In a post last month, the Nifty 50 index was compared over a 2 years time frame with stock indices of the other three BRIC nations. Russia’s RTSI outperformed the Nifty by a small margin, but was much more volatile with higher peaks and troughs. But the Nifty outperformed Brazil’s IBOVESPA by a small margin and China’s Shanghai Composite by 25%. Economic growth, of which China is the undisputed leader among the BRIC nations, did not necessarily translate into stock market performance.

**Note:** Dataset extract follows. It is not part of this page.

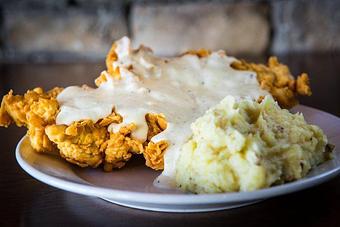 Product - Aspen Creek Grill - Amarillo in Amarillo, TX American Restaurants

So, why are the FIIs selling in India? Because they can invest anywhere they want, and a few stock markets are outperforming India by a fair amount. Here is a comparison of four global indices with the Sensex (in green) over the past 2 years:
S&P 500 vs. Sensex
After underperforming the Sensex for the first 7 months till Dec ‘11, the US S&P 500 index has outperformed the Sensex by a good 20% till yesterday’s closing. The recent correction has dropped the index below its rising 200 day EMA, but the S&P 500 has still gained 15% over the 2 year period while the Sensex is down 5%.
The RSI is deep in oversold territory, which could lead to an upward bounce.
IPC (Mexico) vs. Sensex
Mexico’s IPC index has outperformed the Sensex by almost 23%. Despite the correction in May ‘12, which has dropped the index to its rising 200 day EMA, the IPC has gained 18% over the past 2 years – slightly outperforming the S&P 500.
The RSI is almost at the edge of its oversold zone – from where it has bounced up every time during the past 2 years.
KLCI (Malaysia) vs. Sensex
Malaysia’s KLCI index has outperformed the Sensex by 20%. It has bounced up after dropping to its 200 day EMA, and has gained 15% in the past 2 years.
The RSI is showing positive divergence by touching a higher bottom while the KLCI dropped to a lower bottom.
Jakarta Composite vs. Sensex
Indonesia’s Jakarta Composite index has been a stellar performer, attracting a lot of FII inflows. It has outperformed the Sensex by a whopping 45%. The recent correction has dropped the index close to its rising 200 day EMA, leaving a 40% gain over the past 2 years.
The RSI is just above its oversold zone from where it has bounced up on all three previous occasions.
There are two interesting points to note from the above charts. The Sensex has been in a bear market since touching its Nov ‘10 peak, forming a pattern of lower tops and lower bottoms. It is also trading below its falling 200 day EMA (not shown in charts above). However, the other four indices are all in bull markets, forming patterns of higher tops and higher bottoms.
There is an old stock market adage: “Sell in May and go away.” Investors and traders often take a break from the markets during the summer months and go off on vacations. Though there is no scientific basis to the adage, global markets appear to have taken the adage seriously in May ‘12. (In May ‘11, US and Mexico markets had corrected, but Malaysia and Jakarta had remained flat.)